Sunday, June 20, 2010

Raavan : A movie review

Ever since Subhash Ghai’s ‘Khalnayak’, there has been much said about the villain in a story. Notwithstanding the painfully obvious hint in such titles of apparent glorification of the stereotypical ‘villain’ of a tale just waiting to be exaggerated, there are, I have always believed, more creative ways to narrate a story which mixes up the definitions of a hero and his nemesis. Ways so beautifully meshed with the complicated lives of simple humans, that the glow in which they glisten is always a grand tribute to their creator – the director. Such a genius he has been, this down to earth South Indian man called Mani Ratnam. Hidden in his unassuming mannerisms and genuine smiles was this awe inspiring vein of realism that consistently struck a chord with us lesser mortals. Be it in the poetic renditions of Iruvar where friendship and love are held as beautiful hostages in a cage of brilliant screenplay. Be it in the looming silences of Nayagan where a self declared Godfather’s eyes moisten at hearing his estranged grandchild’s voice for the first time. Or be it in the innocence of a little girl’s subtle yet helpless rage on being reunited with her long lost, now militia, mother in Kannathil Muthamittal. Yes – Mani’s genius was never in the mindless cacophony that has ruled the roost in Indian cinema. His craft was in using his keen eye for detail and pecking out those few but memorable moments where life’s complexities get refreshingly redefined each time.

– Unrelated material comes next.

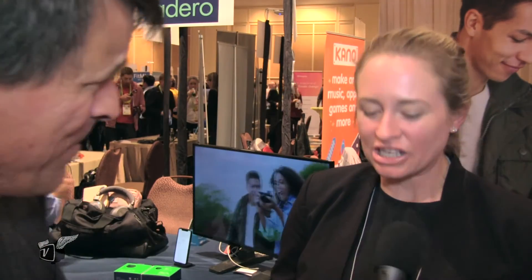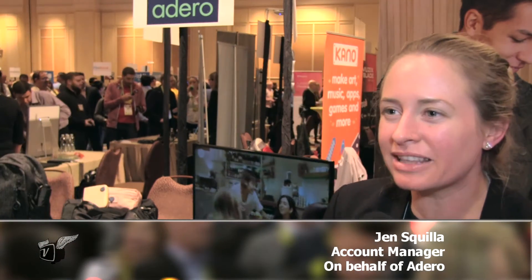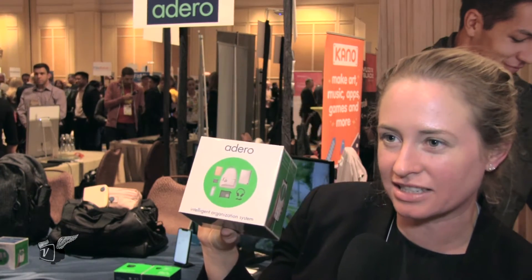Where did I put that microphone? Unfortunately it's a true story, but if I had your products maybe I wouldn't have lost my microphone. So why don't you tell us what this Adaro thing is? Sure, so I'm here with Adaro today, and Adaro is the first ever intelligent organization system that helps you organize and turn any bag into a smart bag.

With such an impressive record to back him up, I began viewing ‘Raavan’ hoping that despite his mixed track record with making Hindi films he would still pull out a masterful trick from his seasoned hat. Alas, I was woefully wrong.

What doesn’t work for ‘Raavan’ is the nonsensical title. Considering the posters are plastered with faces of Abhishek Bachchan as ‘Raavan’, it takes no imagination to connect the rest of the dots in this mixed tale of the painfully obvious. Every kid in India is taught the story of the epic Ramayana before being potty trained so to attempt such an old wives’ tale in itself highlights Mani’s lack of a clear vision with this movie. And so, not surprisingly, we have almost everyone labeling it, rather crudely, as the ‘modern Ramayana’. What makes it worse is Mani’s pathetic attempts at playing to the galleries by smearing the story with laughable mentions to characters from the epic. Govinda jumping from one tree to another. Hmm. I wonder who he is! Priyamani is dragged by the nose to the police station by the hero’s junior police official. Wow – who could she (and he!) be playing! Villain’s brother comes to hero’s den to offer an olive branch. You see where I am going with this. It is in such cliché that Mani suddenly seems like just another director going through a bizarre mid-life crisis. A crisis so intense, that he doesn’t even attempt to make the proceedings a tad more original. Utterly and absolutely shameful.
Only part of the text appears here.